The Shepherd’s Life is a place-based memoir in which the author describes his life as a traditional shepherd in the Lakes District of England in the 1990s and early 2000s. Through his vivid descriptions, reflections, explanations, historical background and scenes, James Rebanks implores the reader to re-evaluate preconceived notions about the shepherding lifestyle. Rebanks argues that the shepherd’s life is a choice and, for many, a calling. Rebanks provides personal, scientific and philosophical details dealing with nature—primarily farmland and sheep—that convinces the reader he is a reputable source. The Shepherd’s Life is divided into four main sections: Summer, Autumn, Winter and Spring. Rebanks could have just as easily separated the book into the major periods of his life. But instead, he uses the section titles to illustrate an intrinsic connection with nature. Rebanks’ general purpose is to inform the reader about this lifestyle that suffers from many stereotypes. In doing so, the author also portrays his deeply rooted sense of place and connection to the land. Rebanks does not use his memoir for self-discovery. Instead, he provides the reader with information he has already learned.


On a personal level, Rebanks examines his relationship with his father. However, this theme is secondary to the larger picture of the book: the narrator loves life as a shepherd and wants to dispel misconceived notions about this profession. Rebanks gives the following description of the Lake District:

“For many it was a place of escape, where the rugged landscape and nature would stimulate feelings and sentiments that other places could not…But above all I would learn that our landscape changed the rest of the world. It is where the idea of all of us having a direct sense of ownership (regardless of property rights) of some places or things because they are beautiful or stimulating or just special was first put into words…. Arguments were formulated here that now shape conservation around the world.” [7]

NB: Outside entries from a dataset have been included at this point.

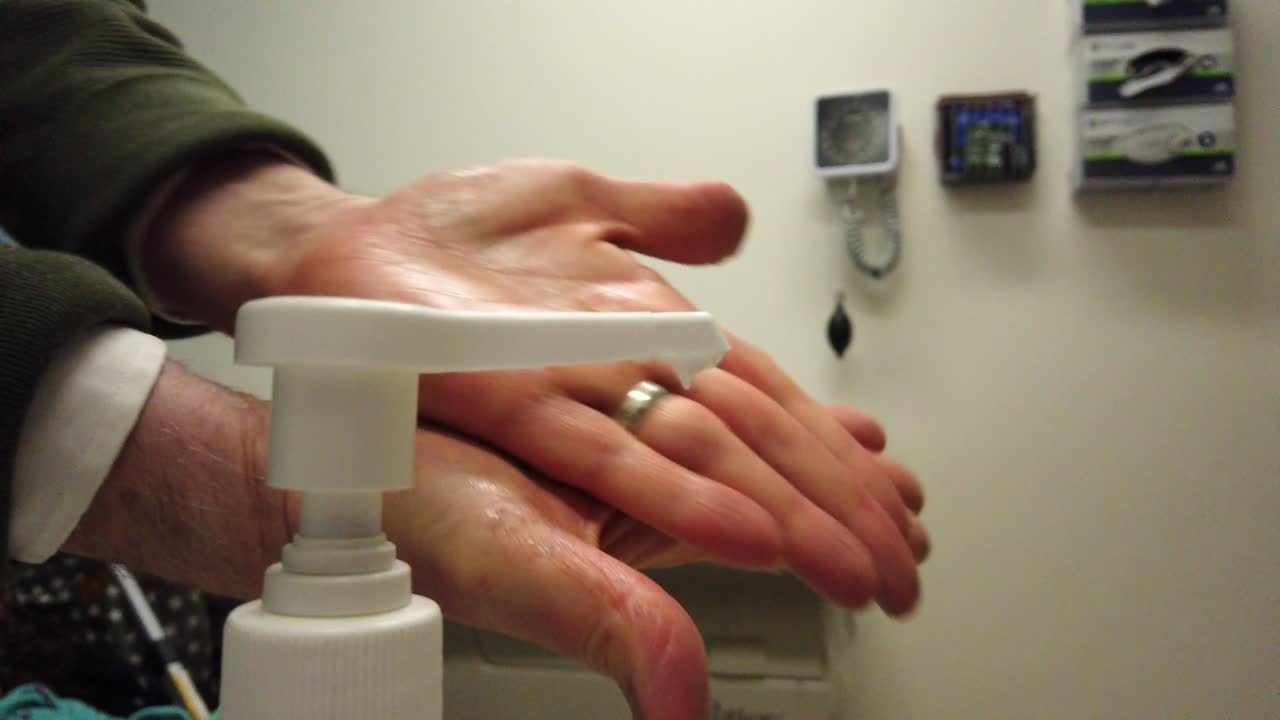 un médico empuja hacia abajo una botella de desinfectante para manos y aplica la loción frotando la sustancia por todas las manos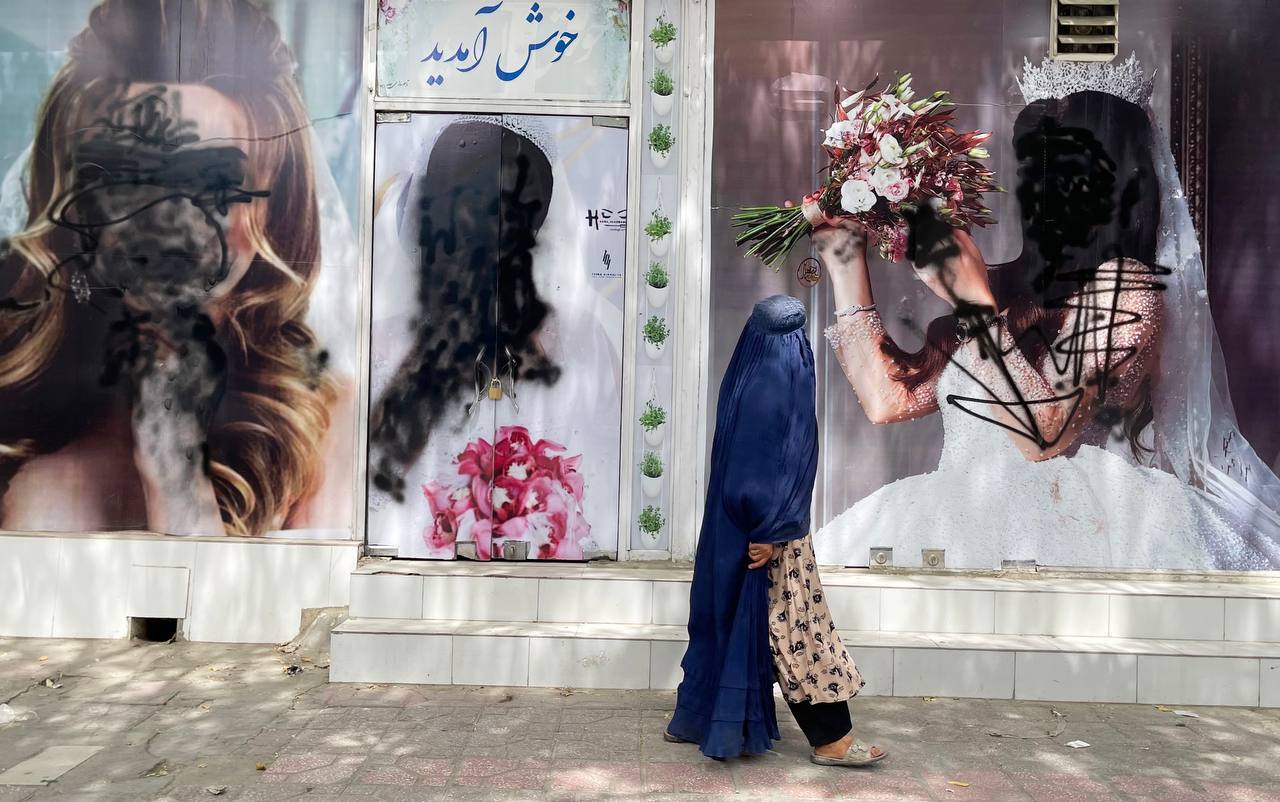 Women posters on beauty salon windows vandalized in Kabul, Afghanistan on 20 August 2021 (Haroon Sabawoon/Anadolu Agency via Getty Images)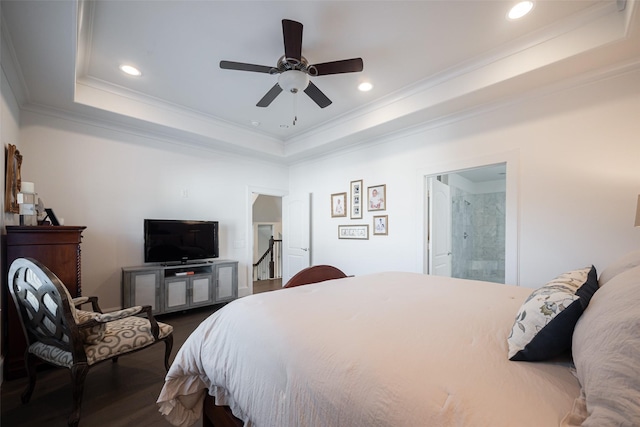 bedroom with a raised ceiling, a ceiling fan, dark wood finished floors, ornamental molding, and recessed lighting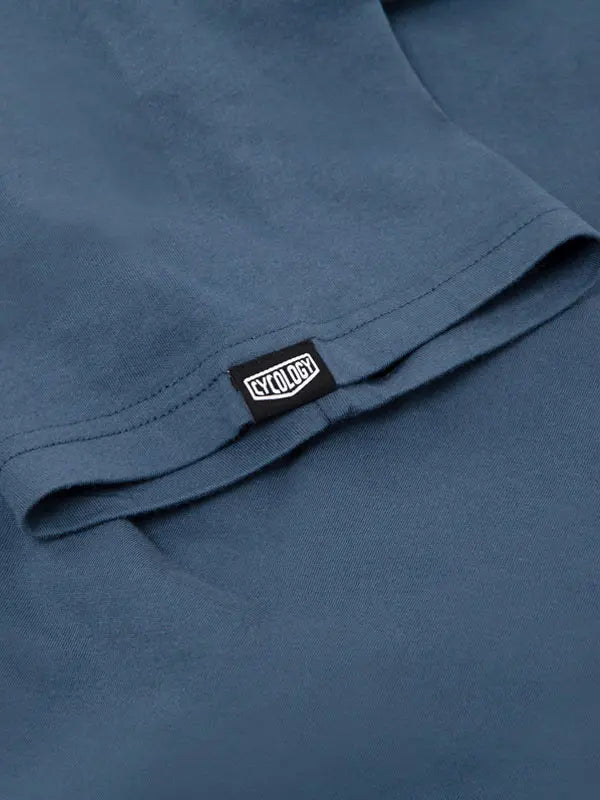 Close-up of a blue t-shirt with a brand label on the sleeve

Rebanks addresses how humans and the natural environment in a specific region are interconnected. The setting couldn’t simply be plopped someplace else without having a significant impact on the premise of the book. Rebanks states that the Lakes District is of ecological importance on an international level. In this manner, nature represents an ever-changing entity worthy of further exploration. Suggesting that the land prompts humans to feel something is empowering to nature, as is the notion that conservation principles have been formulated based on this geographic location. However, the idea of people having ownership over the land suppresses the environment.

Domestic animals—sheep—are a fundamental aspect of both the narrator’s identity and his livelihood. He demonstrates a largely symbiotic relationship with the livestock: people provide the animals with food and shelter. The sheep provide people with wool, sustenance and—perhaps most importantly—an identity and life’s purpose. Throughout the book, Rebanks provides the reader with an intimate view of a shepherd’s daily activities, thoughts, and mindset, as is evident when he describes an annual sheep sale.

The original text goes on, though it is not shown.